My world was very suddenly reduced to the time it took for three Atlantic waves to crash over my head.
After about four cycles of that routine I got my first mouthful of water instead of air at the surface. I had started to tire. The next time I scream for help, my voice cracked into a higher octave. While swimming and ducking and remembering to breathe after my face is above the surface I found myself wondering if a higher pitch travels further, if screaming in a higher pitch will give me better odds of being heard on the beach. The next time I screamed I clenched my vocal chords to raise my voice an octave or five. I was still aware and alert enough, even as the next wave slipped over my head, to note that such a high scream had an inquisitive quality to it, which disturbed me enough to grant me a second mouthful of saltwater during a hesitant ascent.
I had been swimming against a current for approximately five minutes.
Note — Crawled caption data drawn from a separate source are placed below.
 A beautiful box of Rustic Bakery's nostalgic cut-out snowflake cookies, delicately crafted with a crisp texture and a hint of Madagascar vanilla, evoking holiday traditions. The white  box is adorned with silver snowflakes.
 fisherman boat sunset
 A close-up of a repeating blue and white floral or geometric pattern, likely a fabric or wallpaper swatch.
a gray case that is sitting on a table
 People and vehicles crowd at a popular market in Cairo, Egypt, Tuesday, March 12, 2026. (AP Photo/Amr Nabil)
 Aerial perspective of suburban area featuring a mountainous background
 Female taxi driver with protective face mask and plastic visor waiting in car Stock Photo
By my estimation, I had been yelling for help for three minutes. I didn't believe anybody was coming.
I was afraid.
The combination of fear, decision that nobody could hear me (or that nobody could get to where I was safely), and the heaviness I was feeling form in my legs made me more willing to take more risks. I only yelled half, or less, as frequently - taking the risk that I would be able to self-rescue before becoming exhausted. I stopped diving beneath waves - risking an ill-timed wave would turn me over and disorient me; risking a forceful noseful of water when least expecting it - to try to use the momentum to push me to shore. I continually pinched my nose shut, went into a dead-man's float, and tried to visualize myself skimming over the surface of the breaking wave. Minutes passed and I am sure I had yelled less and less frequently, as my thoughts (land) were losing track of any pattern or routine (land land land), and began reducing to one (land land land land land) elemental focal point (land land land land land land land land land land): get back to solid ground.
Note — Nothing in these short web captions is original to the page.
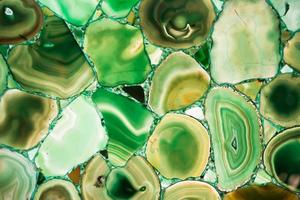 Beautiful background with green agate slices photo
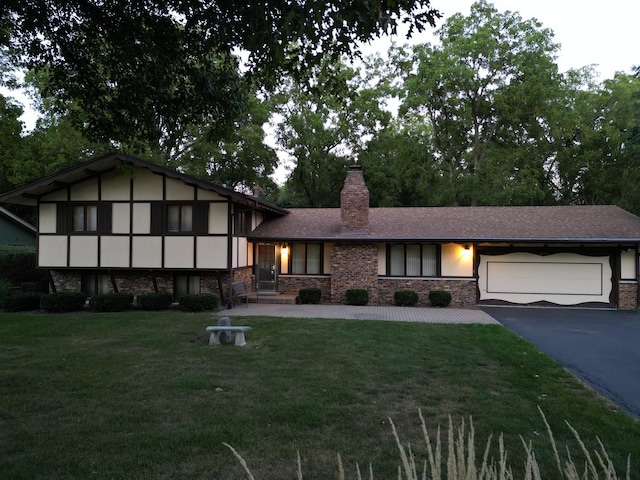 view of front of house featuring a front yard, stucco siding, a chimney, driveway, and an attached garage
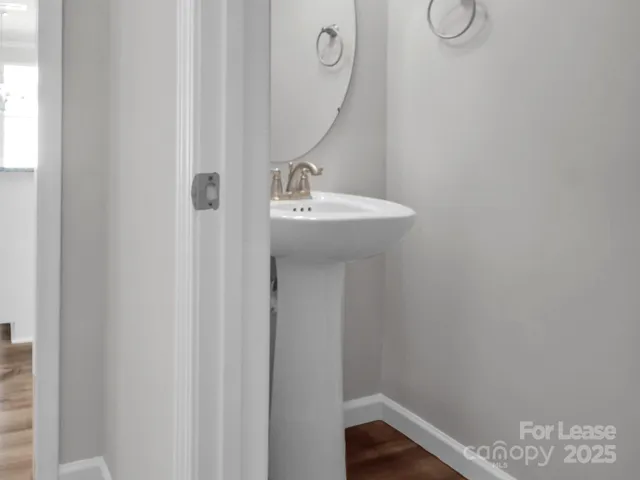 a bathroom with a sink and mirror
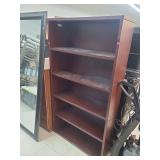 lot contains a 5 shelf wooden display or bookcase.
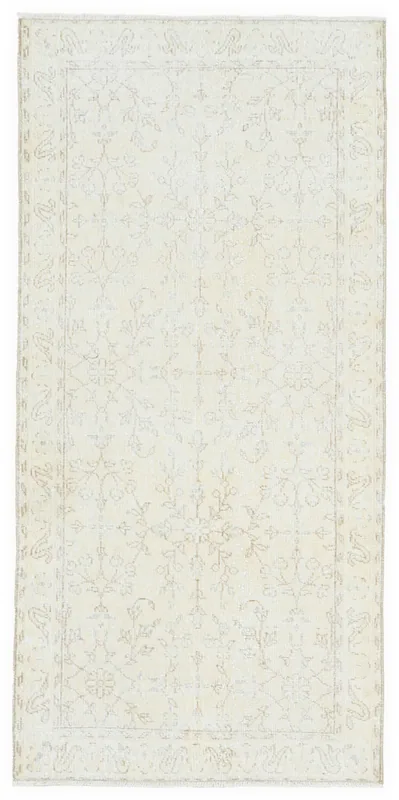 Full overhead view of a 3x6 soft ivory and beige floral hand-knotted vintage area rug on a white background.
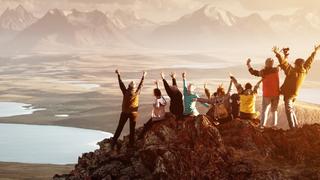 People celebrating their success on the top of a mountain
That continued for at least another four minutes before I finally had a line of sight to the beach. The relief I felt, seeing five strangers running into the ocean, was beyond words. I cried tearlessly and specifically remember having thought "you don't need to get any closer, just don't get pulled farther out, you can relax now". I tried to reach down with my toes and found that I was nearly at the sharp drop off of the ocean floor. I swam another few strokes, and tried to stand just as the five men reached me. I tried to answer "I think I'm okay, I don't think I drank too much water", but the next wave took my legs from me and sent me sprawling with barely a word escaped. Two of the men helped walk me to shore, where a crying girlfriend was just ending her call to emergency services. At the water's edge I sat down, dug my heels into the sand, and laid back on the ground, coughing and gasping for breath.
Mm, I'll try
To hold on tight tonight
Inviting me inside
Wanna burn skin
And brand what once was mine
But the red views
Keep ripping the divide
After laying at the ocean's edge for a short time, I was finally talked into returning to the beach chairs, under a very watchful set of eyes. I think I was quiet for a long time, but in all honestly my time reckoning was off the rest of the day. I was sitting on the beach, under a tiny unbrella the inn had lent us, with my feet buried in hot North Carolinian sand. All I could hear was the rhythmic pulse of the ocean, the cymbal and the tympani, the crash and the roar. The sound was stuck in my ears like that annoying pop song from last decade which you hear the end of when you walk into a coffeeshop. The most worrisome part of my immediate recovery was that my respiration and heart rate did not subside (for another day and half, it turned out) while sitting on the beach, which led me to want to try taking a nap back at the room. A block away from the inn my nose began to drip water, and the drip quickly became an evacuation which felt like a Neti pot rinse. I leaned over the fence not a moment too soon as my stomach followed suit, emptying itself of the "one or two mouthfuls" of water I thought I had accidentally taken in.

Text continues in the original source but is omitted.